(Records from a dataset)
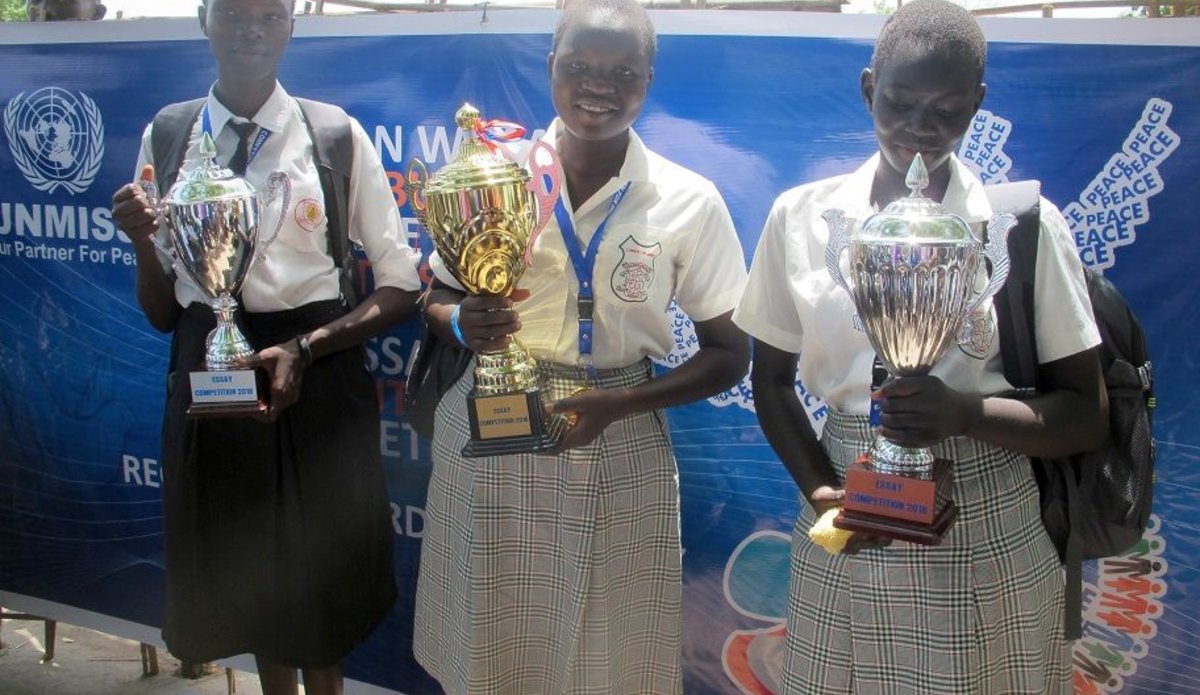 Essay winner in Rumbek: “Women may be the only hope left to bring peace to South Sudan” 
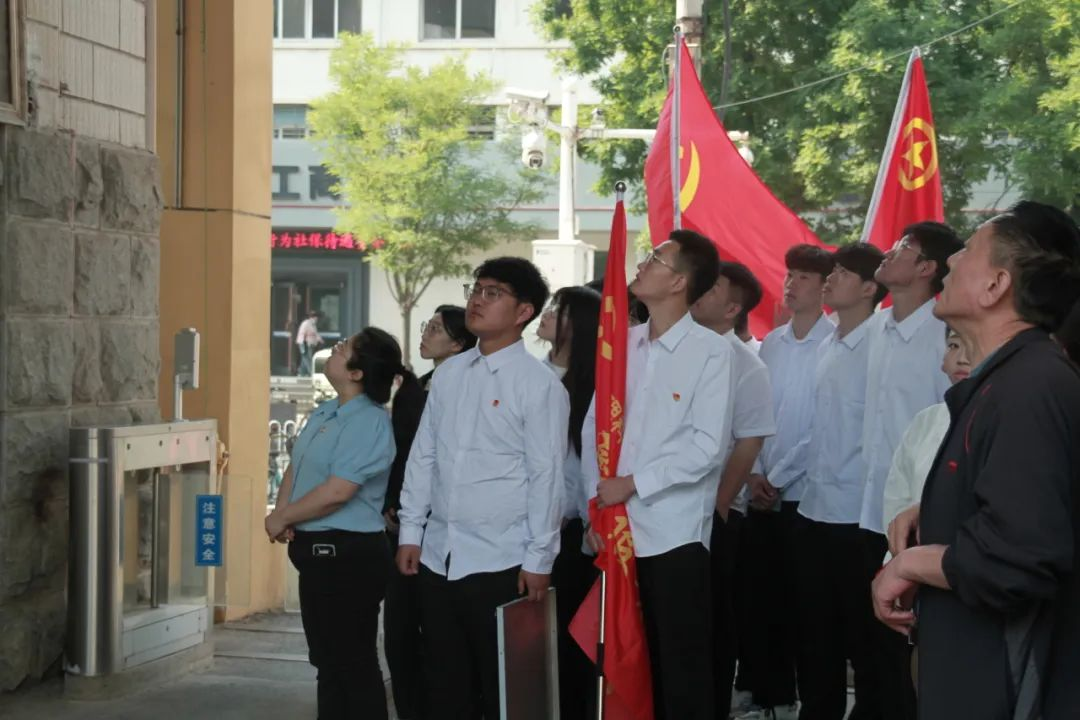 太阳成集团tyc33455cc信息科学与工程学院 大学生德育实践教育基地授牌仪式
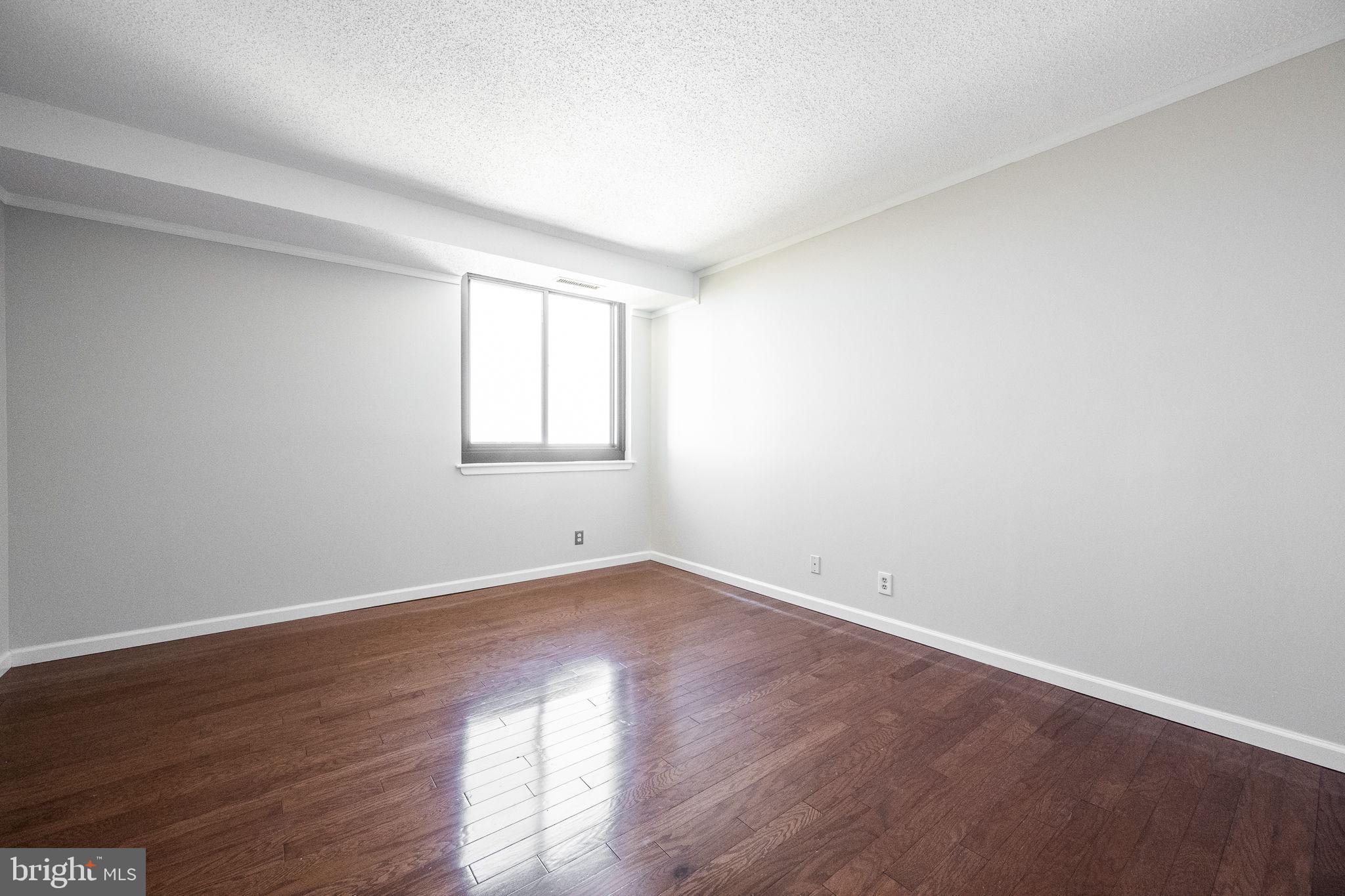 SKYLINE SQUARE CONDO - Residential Lease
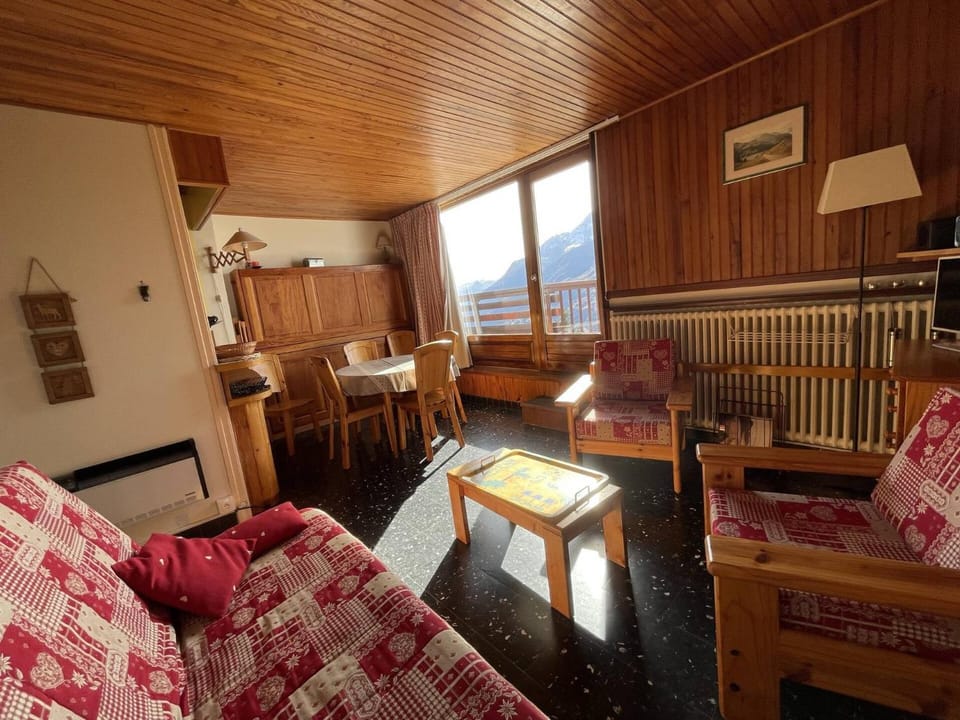 Résidence Les Chavonnes - Appartement 2 pièces de 43m² pour 5/6 personnes MAE-7824 Apartment in Montvalezan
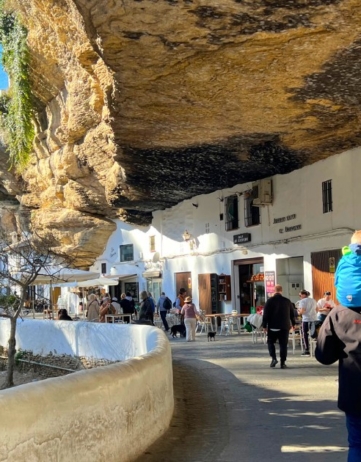 Setenil de las Bodegas – a town under the rocks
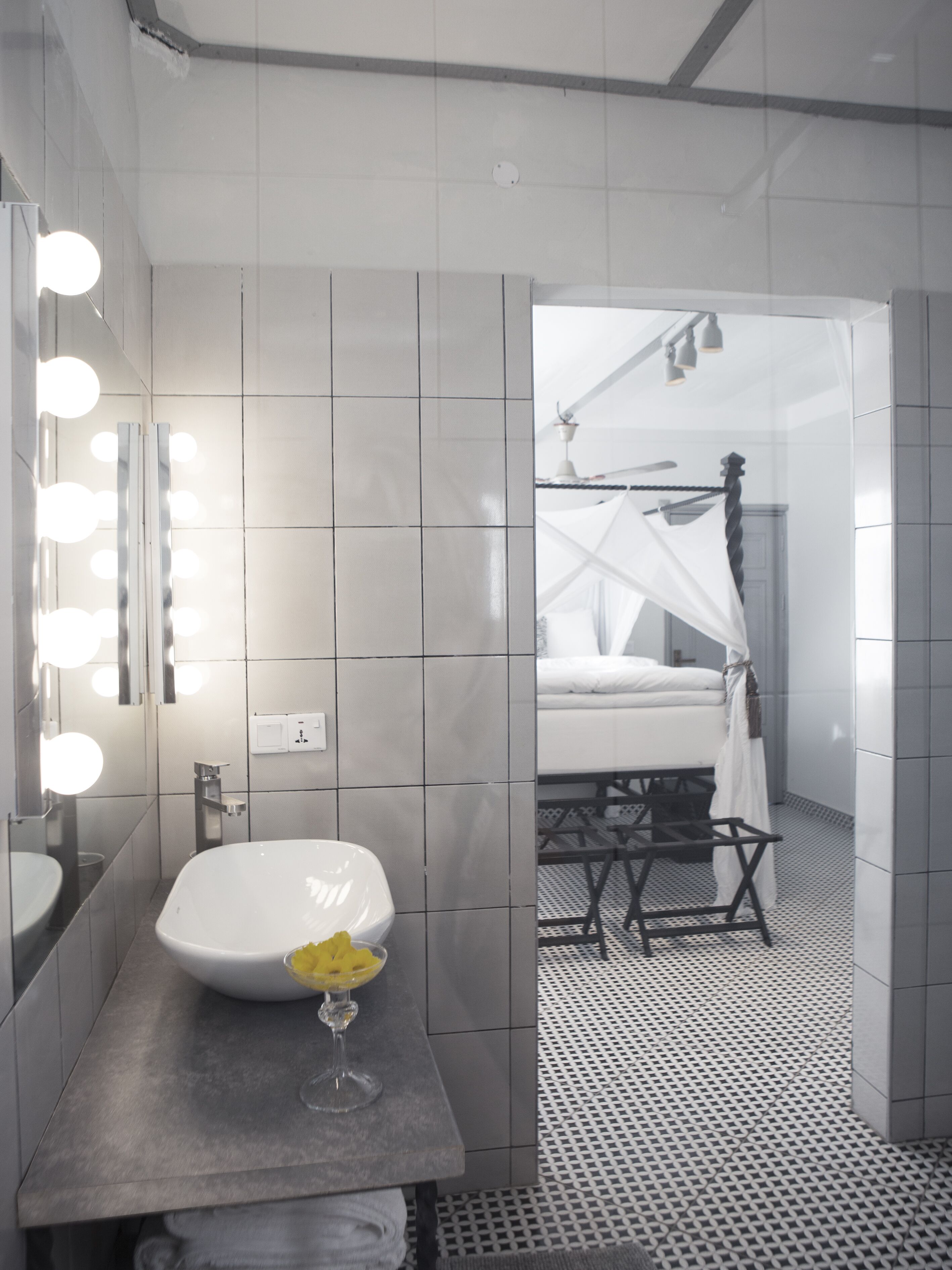 Deluxe Room | Bathroom | Shower, rainfall showerhead, free toiletries, hair dryer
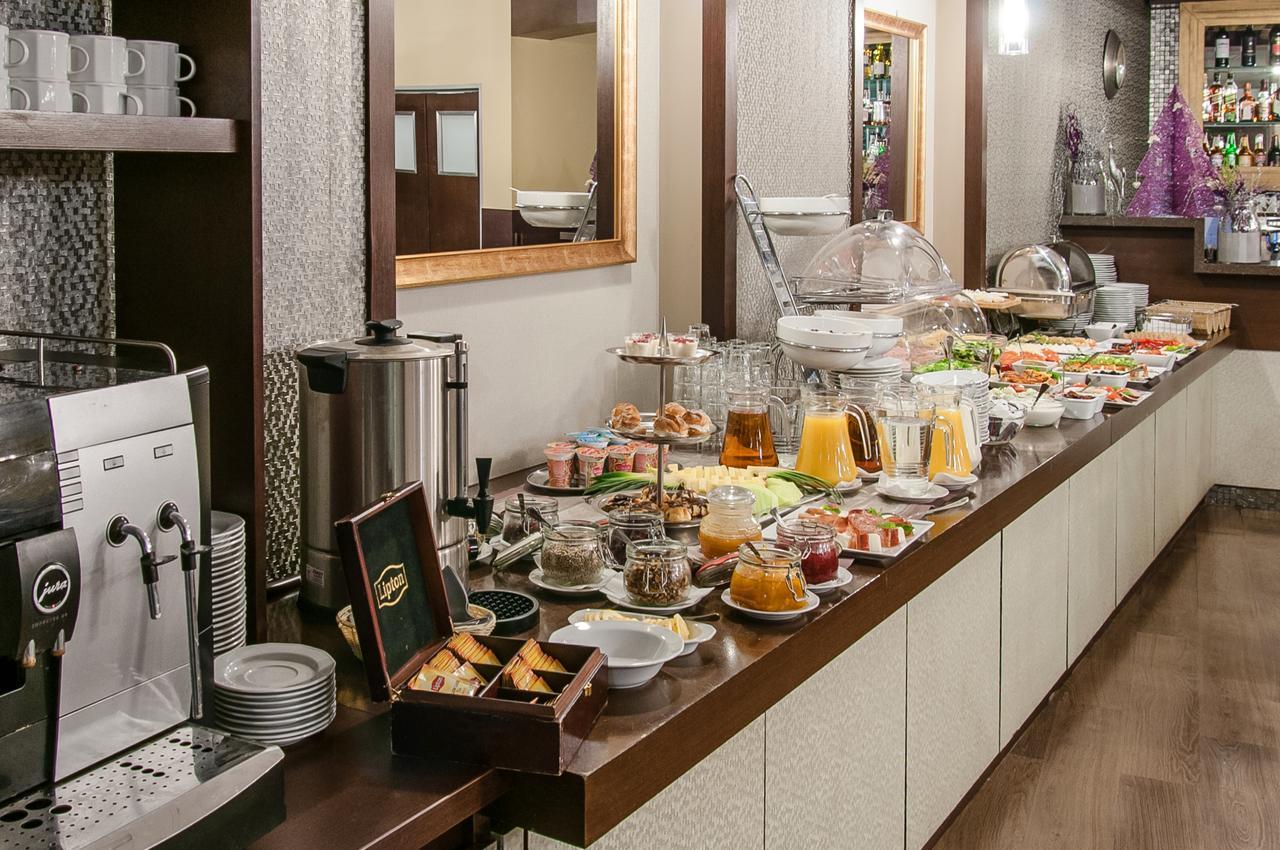 Hotel Wilga Краков Экстерьер фото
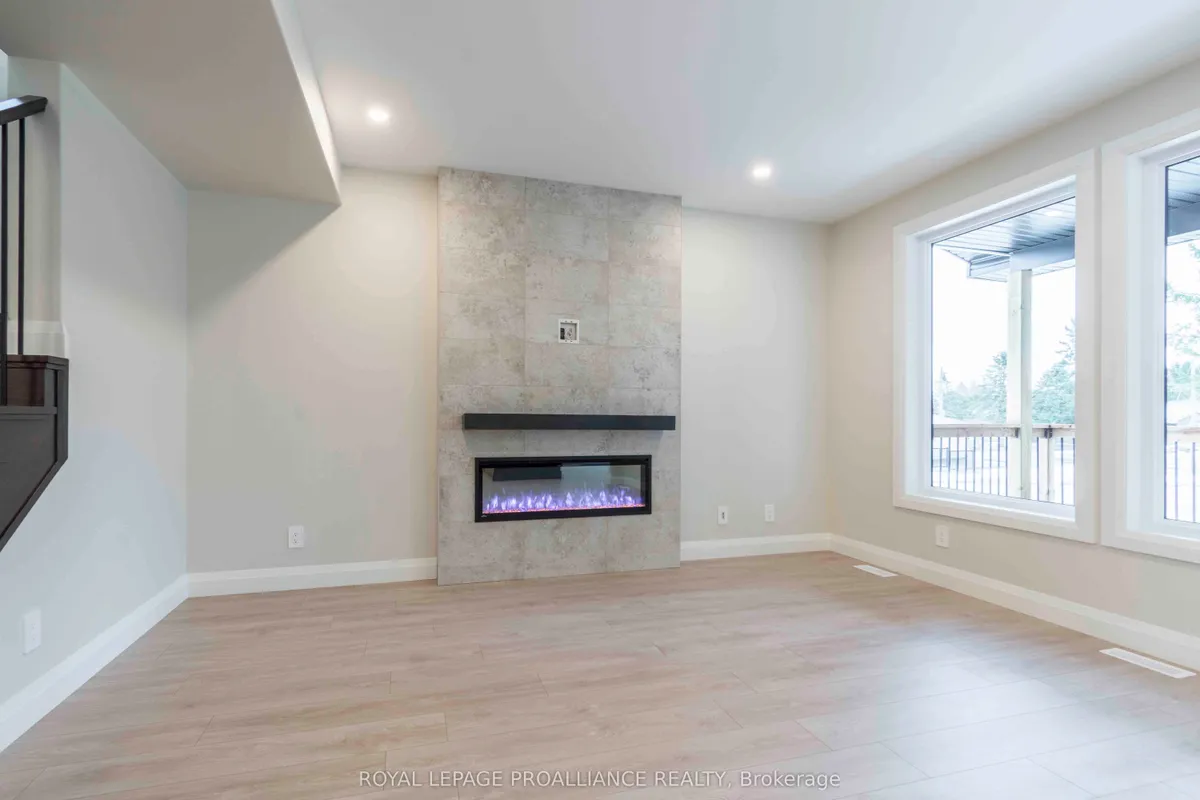 2 Mackenzie John Crescent, Brighton, ON K0K 1H0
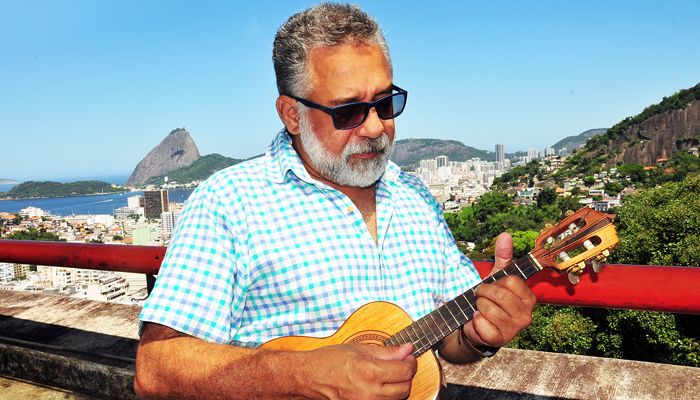 Capixaba Chico Alves canta com seus ídolos em novo disco
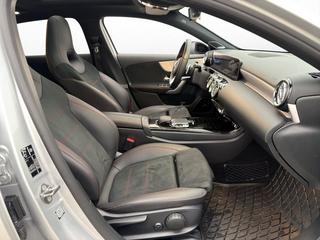 Mercedes-Benz A 2019 WND18G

INSTRUCTIONS FOR THE TASK>
Copy the lines of the records, beginning where the line containing "Setenil de las" appears and continuing through the final line, exactly and with no pictures.

WRITTEN SOLUTION>
 Setenil de las Bodegas – a town under the rocks
 Deluxe Room | Bathroom | Shower, rainfall showerhead, free toiletries, hair dryer
 Hotel Wilga Краков Экстерьер фото
 2 Mackenzie John Crescent, Brighton, ON K0K 1H0
 Capixaba Chico Alves canta com seus ídolos em novo disco
 Mercedes-Benz A 2019 WND18G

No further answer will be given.